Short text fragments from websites
>>>>>

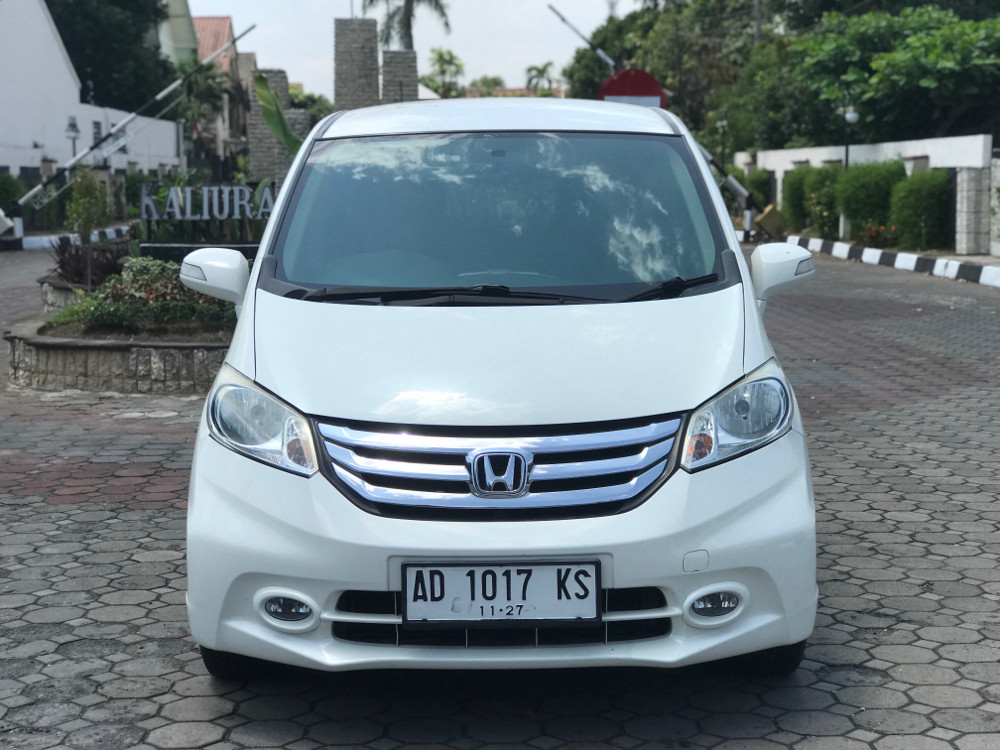 Second Hand 2015 Honda Freed Second Hand 2015 Honda Freed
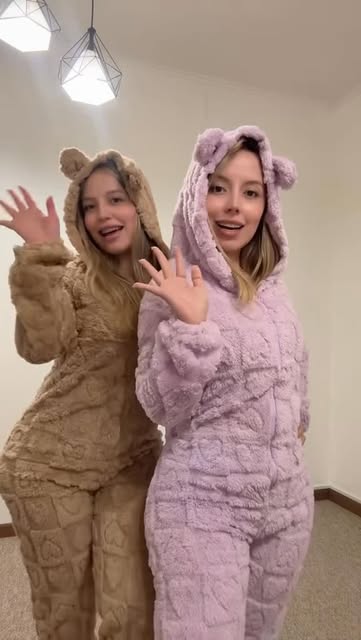 Pijamas polares tipo oso mostrados en Don Lee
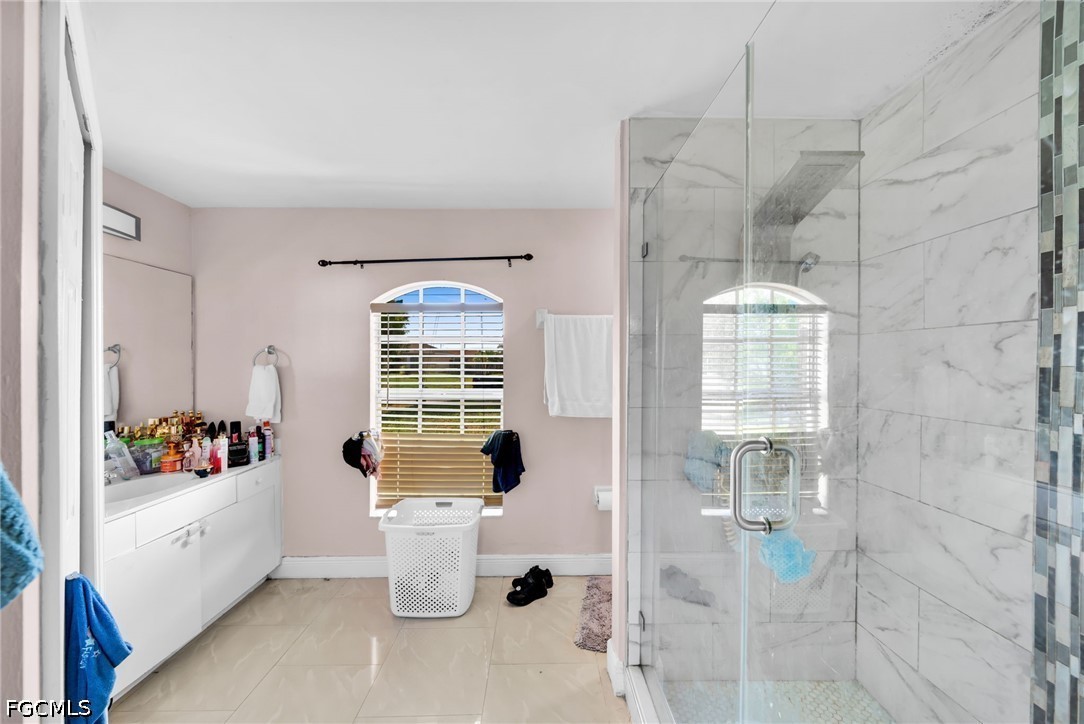 3 Bed SingleFamilyResidence for Sale in Lehigh Acres, photo 12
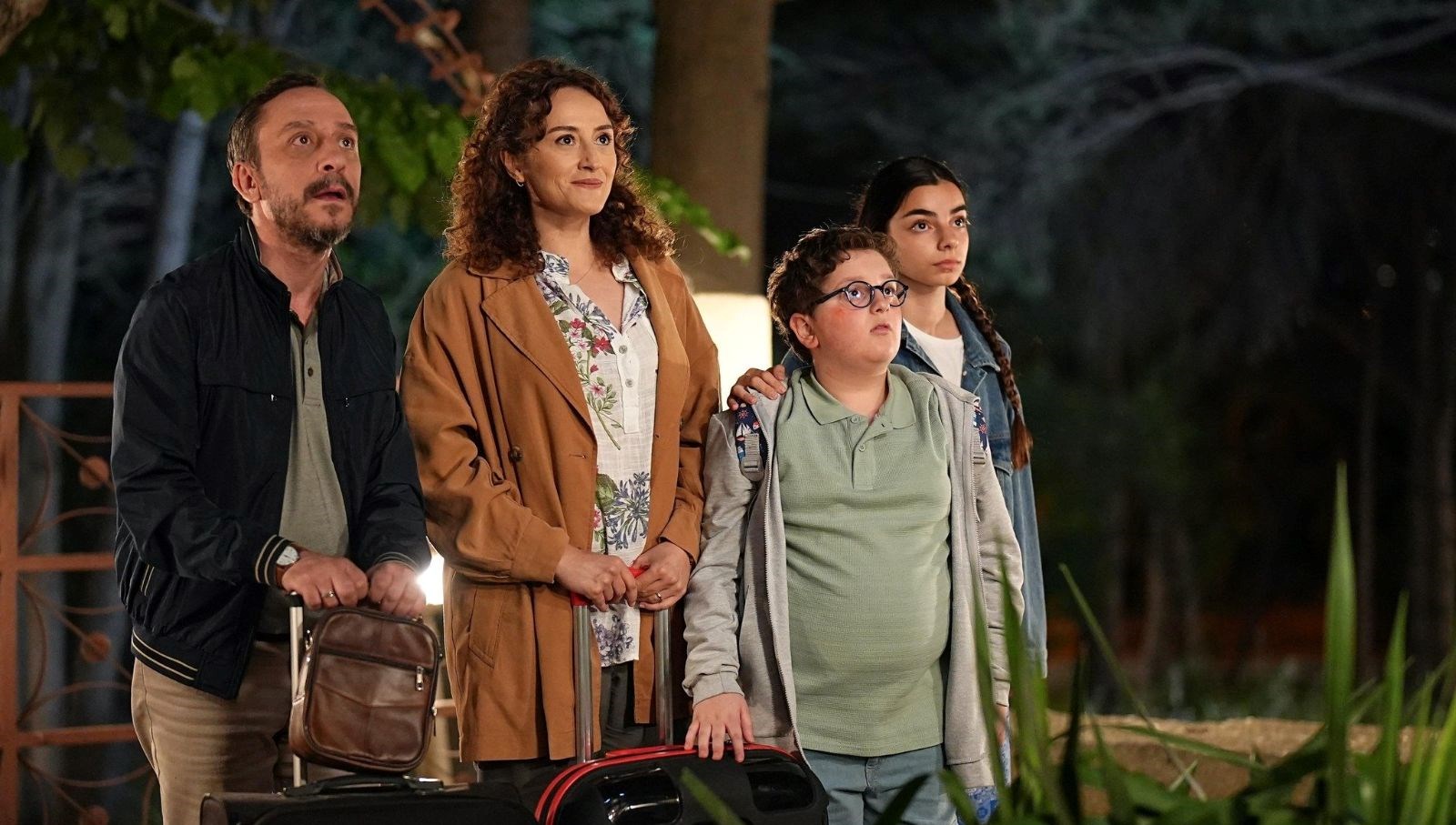 Aile Saadeti dizisi oyuncuları kimler?
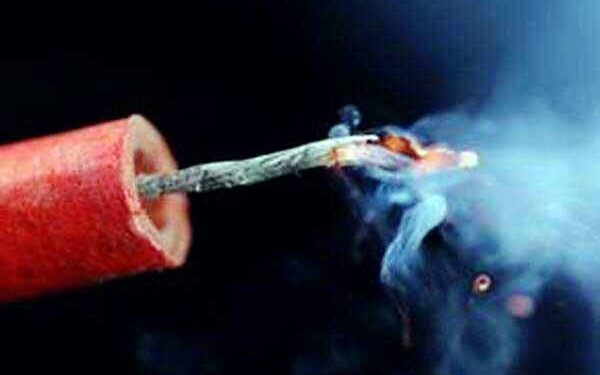 Nahas! Jempol Seorang Pemuda Putus Gara-Gara Petasan Meledak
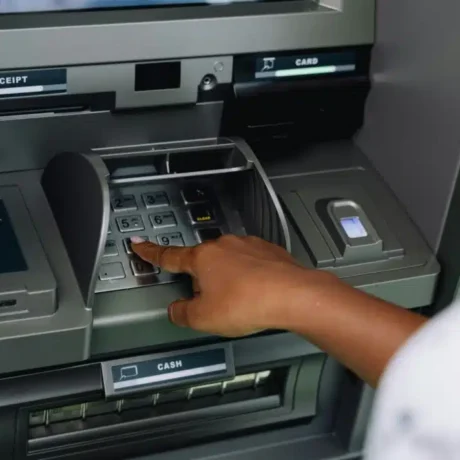 atm-trapeza-8-6-2025-1068×712.jpg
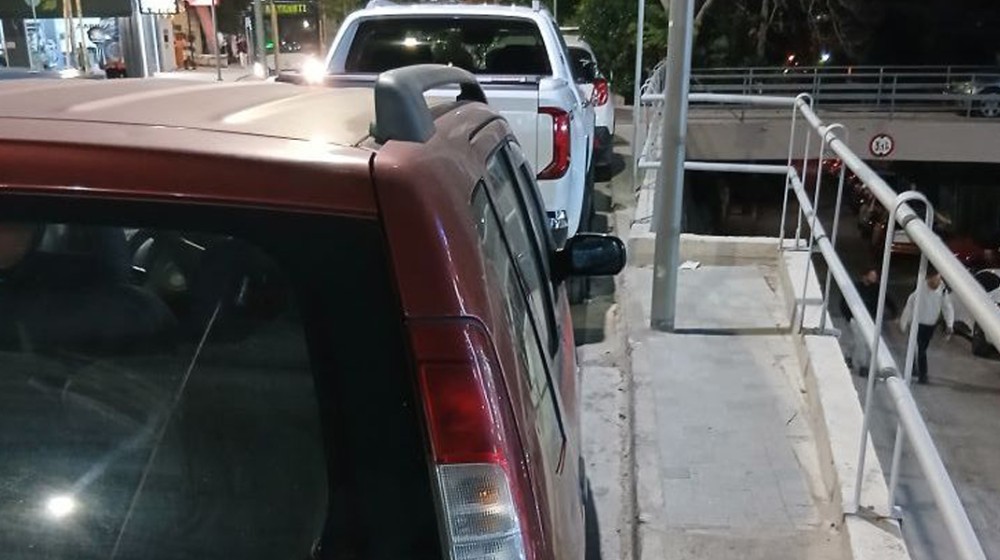 ΧΑΛΚΙΔΑ: Πως γίνεται να είναι ποδηλατόδρομος, χώρος στάθμευσης και πεζόδρομος το ίδιο σημείο στη λεωφόρο Βενιζέλου;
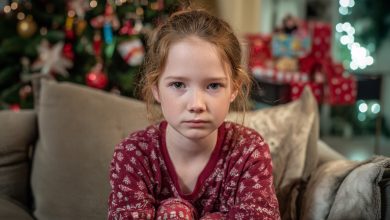 «Nie zamierzam wręczać wnuczce prezentów», — powiedziała teściowa naszej przybranej córce podczas rodzinnego święta. Wieczorem podjęliśmy działania, a już rano była najukochańszą babcią z prezentami…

<<<<<

- YOUR GOAL:
Beginning with the line that contains "Aile Saadeti dizisi oyuncuları kimler?", output every line down to the last line of the entries above exactly as written, apart from the pictures.

- RESPONSE AREA:
 Aile Saadeti dizisi oyuncuları kimler?
 Nahas! Jempol Seorang Pemuda Putus Gara-Gara Petasan Meledak
 atm-trapeza-8-6-2025-1068×712.jpg
 ΧΑΛΚΙΔΑ: Πως γίνεται να είναι ποδηλατόδρομος, χώρος στάθμευσης και πεζόδρομος το ίδιο σημείο στη λεωφόρο Βενιζέλου;
 «Nie zamierzam wręczać wnuczce prezentów», — powiedziała teściowa naszej przybranej córce podczas rodzinnego święta. Wieczorem podjęliśmy działania, a już rano była najukochańszą babcią z prezentami…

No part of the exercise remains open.